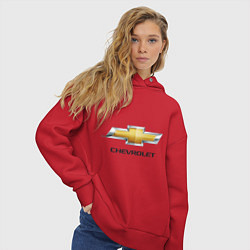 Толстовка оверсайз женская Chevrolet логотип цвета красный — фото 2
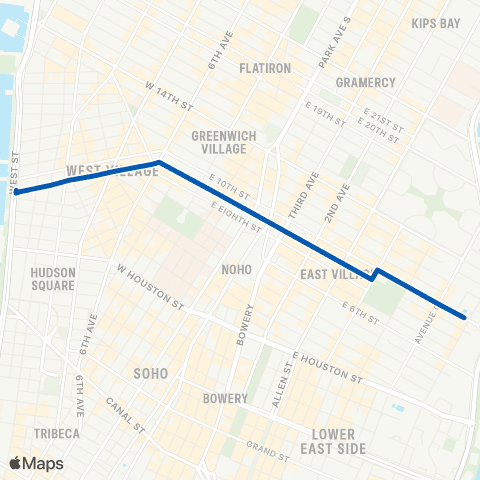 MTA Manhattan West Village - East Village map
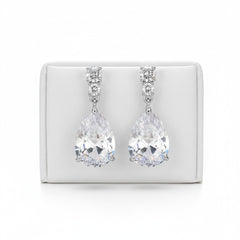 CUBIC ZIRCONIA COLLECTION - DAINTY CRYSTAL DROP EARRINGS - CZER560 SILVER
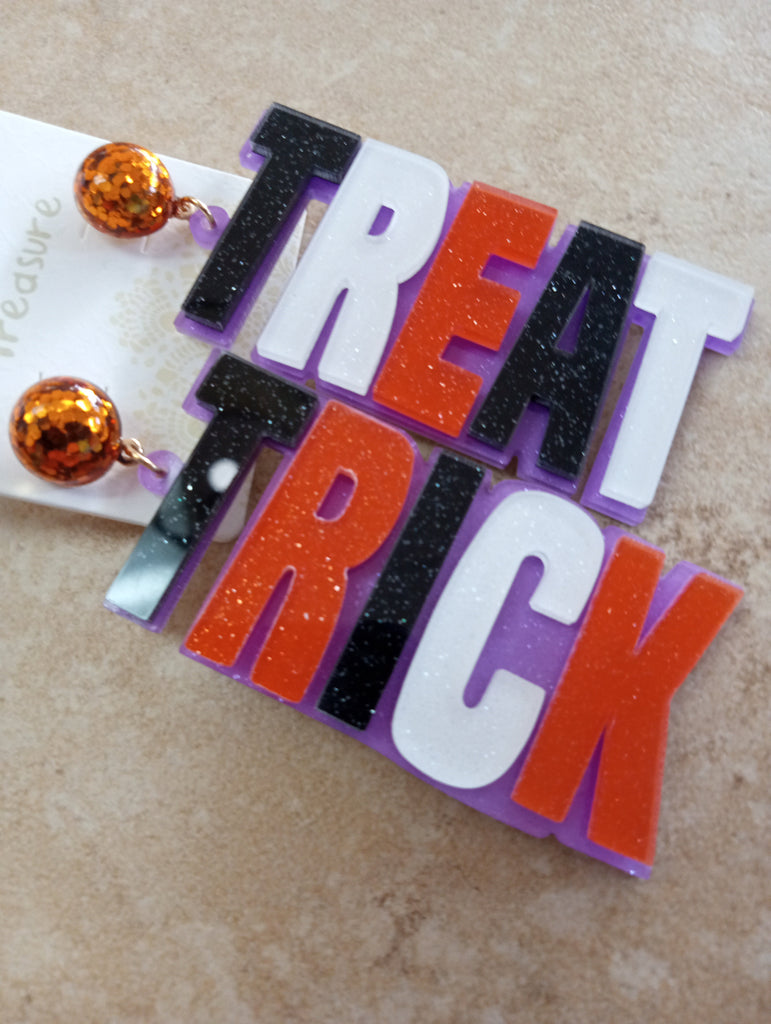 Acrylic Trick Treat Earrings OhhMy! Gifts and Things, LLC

● WHAT TO PRODUCE: Print the listing exactly, but skip its pictures.

● FINISHED EXERCISE:
 Толстовка оверсайз женская Chevrolet логотип цвета красный — фото 2
 MTA Manhattan West Village - East Village map
 CUBIC ZIRCONIA COLLECTION - DAINTY CRYSTAL DROP EARRINGS - CZER560 SILVER
 Acrylic Trick Treat Earrings OhhMy! Gifts and Things, LLC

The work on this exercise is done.